“The Manger’s purpose was the Cross.” –Seen on a marquis at a Baptist Church in Cedar City, Utah.
One of the most striking things to me about Eliot’s poem, “Journey of the Magi” is that although it clearly centers around the birth of the Christ child, not once is Jesus mentioned. Rather, it is the experience of the maggus himself that is explored: a rebirth that the speaker calls “hard and bitter agony,” comparable to his own death. The conversion experience Eliot portrays is not warm, summery elation, but rather a hard road leading to discomfort with the world around. This is an experience of Christ that challenges, that calls one to change.
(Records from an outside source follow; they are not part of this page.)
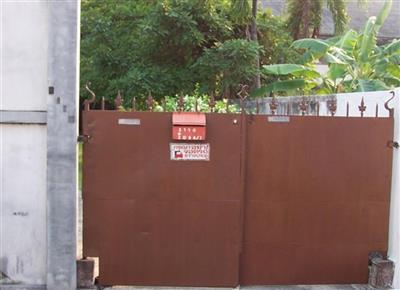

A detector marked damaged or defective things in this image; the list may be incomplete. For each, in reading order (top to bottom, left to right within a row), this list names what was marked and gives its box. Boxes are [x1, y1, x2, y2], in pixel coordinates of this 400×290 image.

rusty metal gate [83, 93, 396, 288] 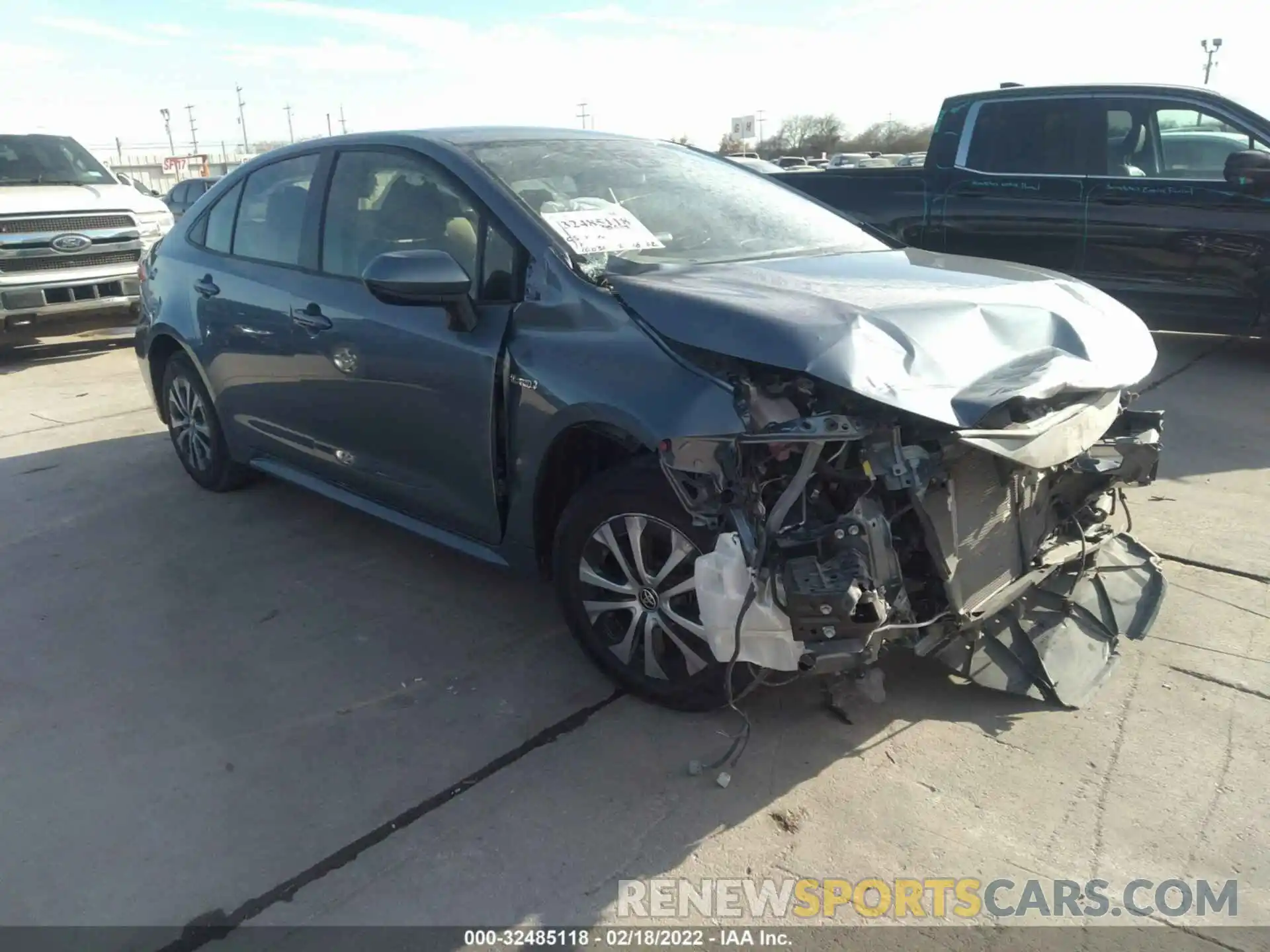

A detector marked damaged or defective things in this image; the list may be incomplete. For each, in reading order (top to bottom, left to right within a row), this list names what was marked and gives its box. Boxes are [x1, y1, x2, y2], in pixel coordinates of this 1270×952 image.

crumpled hood [0, 180, 166, 214]
damaged toyota corolla [134, 132, 1164, 714]
crumpled hood [611, 247, 1154, 426] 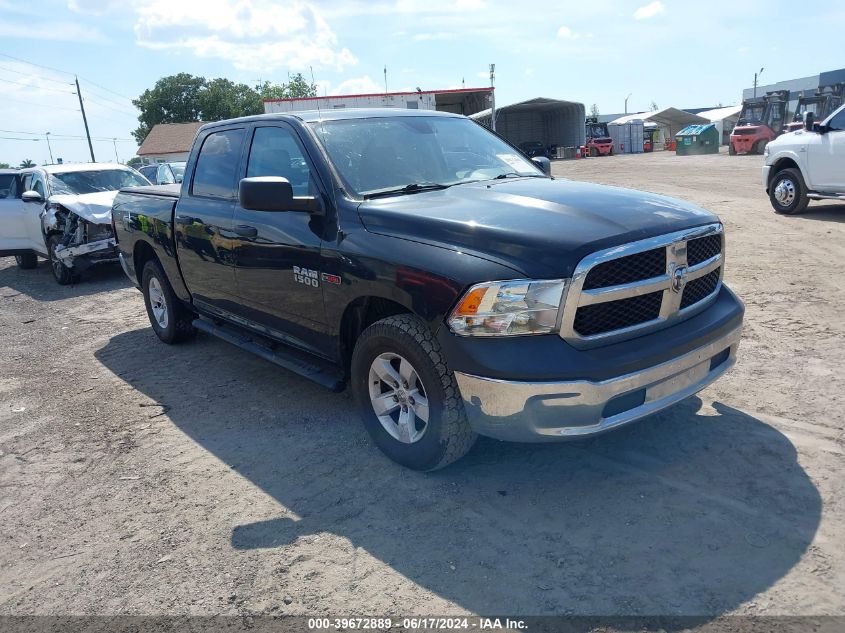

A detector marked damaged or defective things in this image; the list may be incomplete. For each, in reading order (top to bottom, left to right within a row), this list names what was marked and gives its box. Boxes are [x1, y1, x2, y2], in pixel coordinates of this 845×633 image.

There are two major schools of thought in Christianity with respect to Christ. One believes that Jesus was the Son of God sent to die for our sins so that we may be saved. This view is familiar from the opening words of John’s Gospel:
“In the beginning was the Word, and the Word was with God, and the Word was God. He was in the beginning with God… And the Word became flesh and lived among us, and we have seen his glory, the glory as of a father’s only son…” (John 1:1-2 & 1:14)
And again in the First Letter of John:
“Everyone who believes that Jesus is the Christ has been born of God… We know that those who are born of God do not sin, but the one who was born of God protects them, and the evil one does not touch them.” (1John 1:1 & 1:18)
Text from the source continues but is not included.